SOURCE MATERIAL>

########

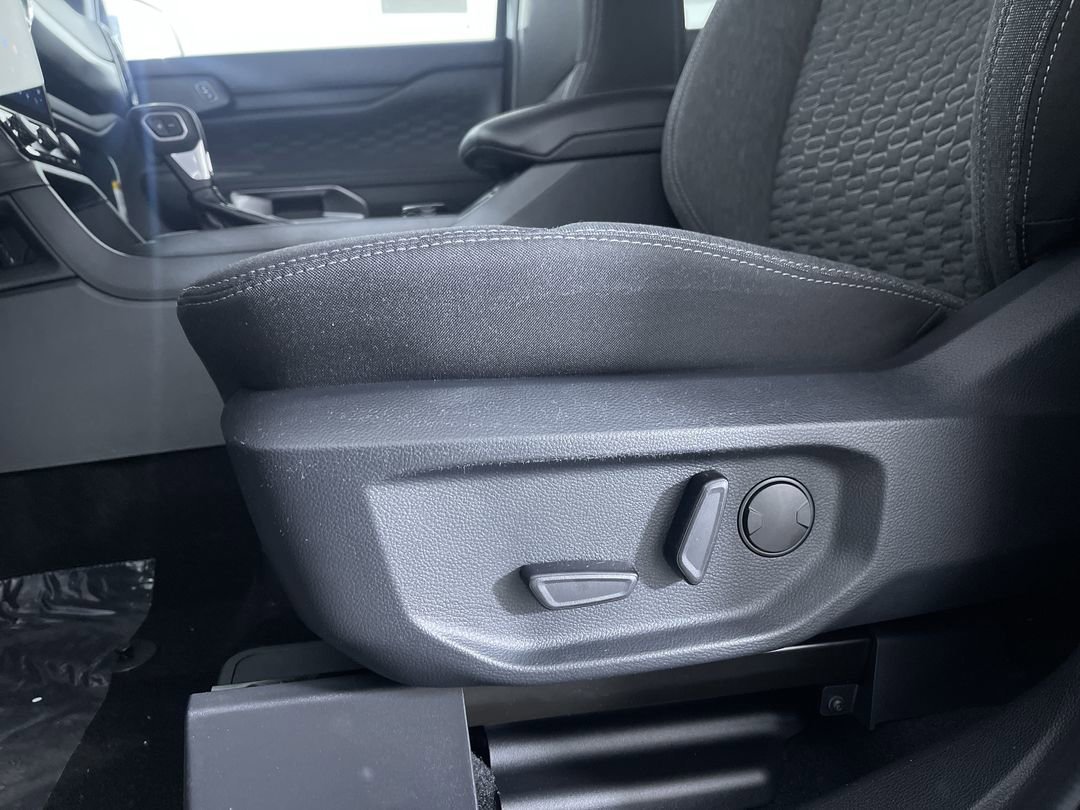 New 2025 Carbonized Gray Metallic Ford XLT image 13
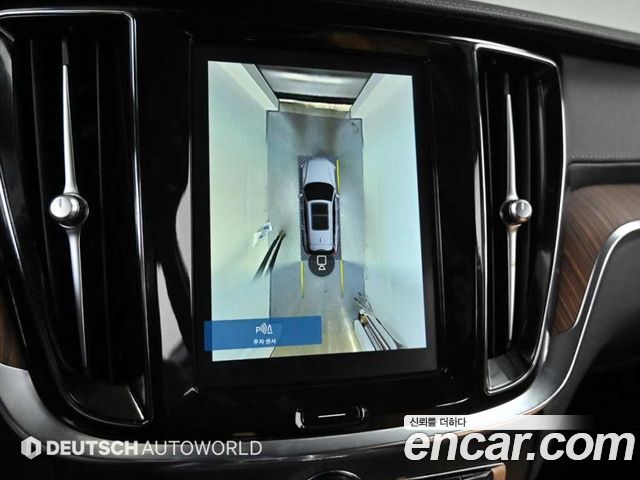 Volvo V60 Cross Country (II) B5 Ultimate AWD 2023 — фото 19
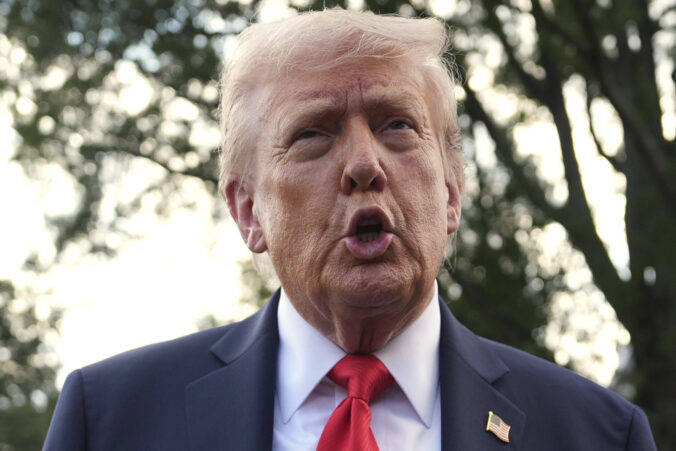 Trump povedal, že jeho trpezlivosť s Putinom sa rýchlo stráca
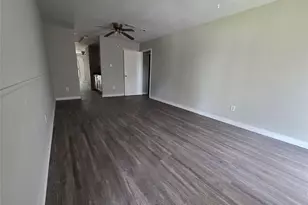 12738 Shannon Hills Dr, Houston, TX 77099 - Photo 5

########

EXERCISE DIRECTIONS>
Print every line of the material above exactly as it reads, skipping the pictures.

ANSWER TO THIS PROBLEM>
 New 2025 Carbonized Gray Metallic Ford XLT image 13
 Volvo V60 Cross Country (II) B5 Ultimate AWD 2023 — фото 19
 Trump povedal, že jeho trpezlivosť s Putinom sa rýchlo stráca
 12738 Shannon Hills Dr, Houston, TX 77099 - Photo 5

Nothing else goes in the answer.